While Robinson burst out of the gates and seemed out of reach in terms of the race for the Heisman, Auburn's Cam Newton has been steadily gaining ground and may just be ahead of his counterpart in Ann Arbor at this point.

Buried behind a guy by the name of Tebow in Gainesville, Newton's decision to transfer has paid huge dividends for Gene Chizik and his Auburn Tigers.

The 6-6, 250-pounder looks more like a defensive end than a quarterback, but there is no denying his talent under center. Newton is second in the nation in terms of passing efficiency (180.93), having completed 65.6 percent of his passes, for 1,278 yards and 13 TDs. He has the ability to make all the necessary throws on the field, but that is probably the second-best thing he does. Newton is 11th in the nation in rushing (122.9 ypg), amassing 860 yards and 12 TDs thus far.

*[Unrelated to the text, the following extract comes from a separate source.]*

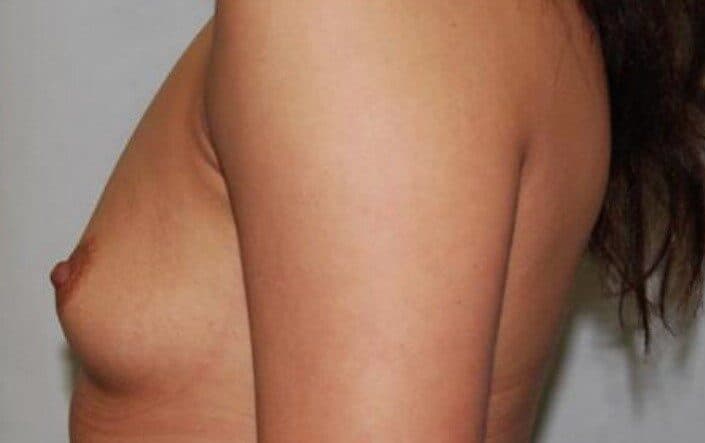 breast augmentation before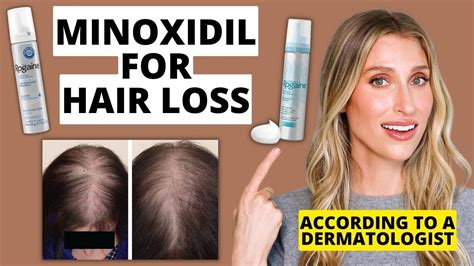 Minoxidil Works By Itself Limitations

As the competition has moved into SEC action, Newton has actually gotten better, averaging 158.0 yards per game rushing, with 10 TDs (both league- highs). He is also the only player in SEC history to rush for three or more TDs in three straight league bouts. Newton is currently on pace for 1,474 yards rushing, which would obliterate the SEC record for rushing yards by a QB in a season, set by another Auburn signal-caller (Jimmy Sidle -- 1,006 yards), back in 1963.

Newton has LSU this week and Alabama in the regular-season finale. A big game against the Bayou Bengals will all but lock him into a trip to New York as a Heisman finalist. Doing the same against the defending national champions might just put his name on the award.